* **INPUT FOR THIS TASK**:
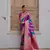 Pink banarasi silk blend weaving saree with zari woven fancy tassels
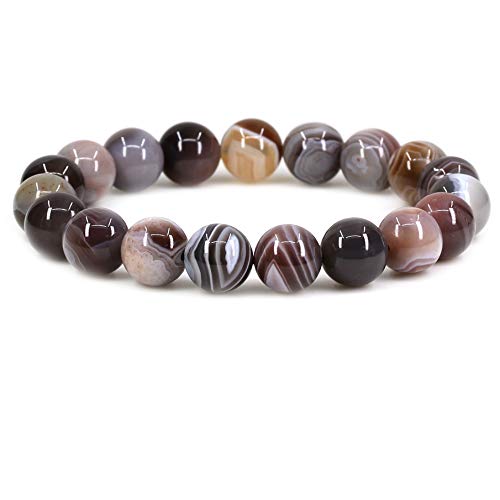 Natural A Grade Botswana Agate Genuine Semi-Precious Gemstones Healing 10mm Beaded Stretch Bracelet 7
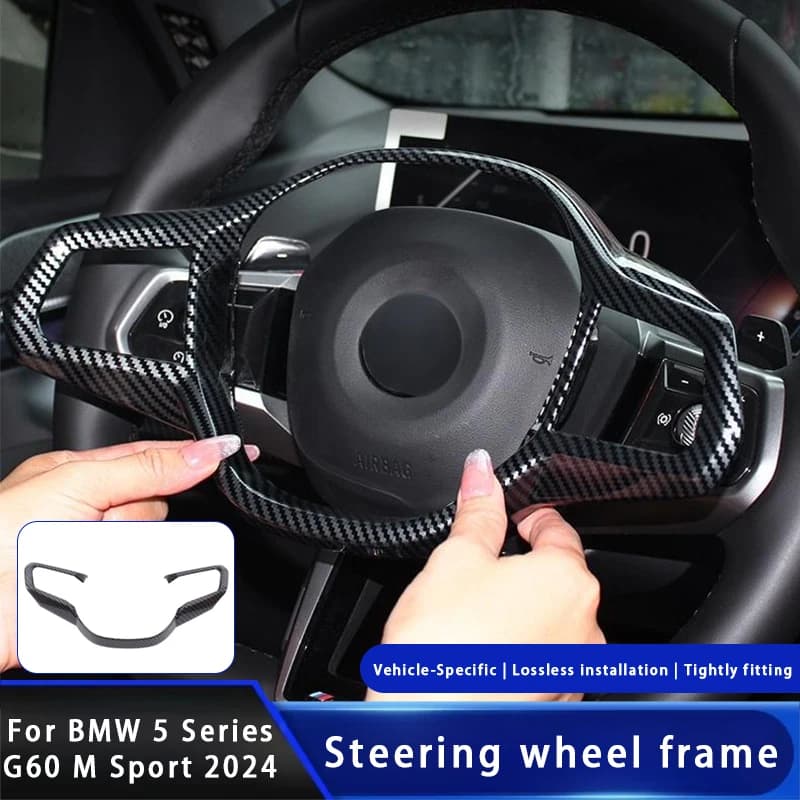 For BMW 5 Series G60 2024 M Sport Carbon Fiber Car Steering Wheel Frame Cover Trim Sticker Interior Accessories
==
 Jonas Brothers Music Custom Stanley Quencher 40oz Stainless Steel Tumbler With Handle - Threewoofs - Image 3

* **ASSIGNMENT**:
Set the pictures aside and retype exactly the lines above from the line with "Natural A Grade" to the line with "For BMW 5 Series", both included, adding no others.

* **OUTPUT FOR THIS EXERCISE**:
 Natural A Grade Botswana Agate Genuine Semi-Precious Gemstones Healing 10mm Beaded Stretch Bracelet 7
 For BMW 5 Series G60 2024 M Sport Carbon Fiber Car Steering Wheel Frame Cover Trim Sticker Interior Accessories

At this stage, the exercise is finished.